Since there is no way to add graphics to h2g2 in an easy way, some imagination will be required to follow the next description of the curves. All six curve types start from zero and rise steeply. All of them bend to the 'right' at some point, become shallower and have a characteristic plateau, which is the point where no more molecules can be adsorbed by the material. Four of them have an additional first plateau right at the beginning, which is where the first layer builds up. The remaining two are very atypical and only restricted to some special exceptional cases. To measure the surface area of the material in question all one has to do is to identify the first nick in the curve and take note of the volume, which is the volume of gas molecules used to form the first layer.
Sometimes one might observe hysteresis. Hysteresis occurs when loading a surface is easier than unloading it (for example if there is a pore or a tight crack), the curve for the loading will be steeper than the curve for the unloading. This makes things a bit more complicated, and that's where details start to become important. These details allow conclusions on the texture of the surface - for example about the porosity of the surface, and even about the shape of the pores. Further interpretations can be made but are usually difficult.
There are commercially available BET-measuring devices. In principle they are made of a sample chamber, where one can put the powder to be measured, and which is connected to a gas inlet, a vaccum pump and a (electronic) barometer. The first step is to evacuate the chamber, so that all surfaces get cleaned from adsorbed molecules. Then a small volume of gas is added in a controlled manner, normally automatically, and the pressure measured. This step is repeated several times. For desorption measurements gas is pumped out and the pressure measured. It is important to note that every time gas is added or removed from the chamber one will have to wait some time until equilibrium is reached, only then the measured pressure yields a reliable value.

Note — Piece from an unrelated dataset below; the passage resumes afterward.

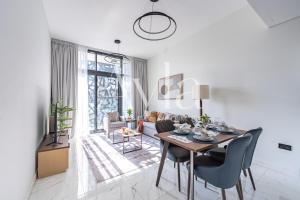 a white living room with a table and chairs at The Gate Executive 2BR on Masdar City by Ayla in Abu Dhabi Intl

There are more advanced models for adsorption and desorption isotherms, however, they didn't find as broad application as the BET method. BET is employed as a standard measurement for technical powders, as used in catalysis for example. Normally BET-measurements are carried out with different gas molecules (CO2, N2, and Ar). The values can differ slightly for each gas employed, since their geometry and adsorption characteristics vary. For thit reason the gas used is often given in parenthesis along with the area measured (and other features like the porosity).
Vm/(p-p0)·1/V = 1/c[1/p+(c-1)/cp0]
Here, V is the total volume of molecules added, Vm is the volume of gas molecules corresponding to the monolayer, p the pressure and p0 the saturation vapour pressure, c is a constant related to the adsorption heat and it has something to do with probability of adsorbing or desorbing. This equation is indeed a bit complicated and was just included for the sake of completeness.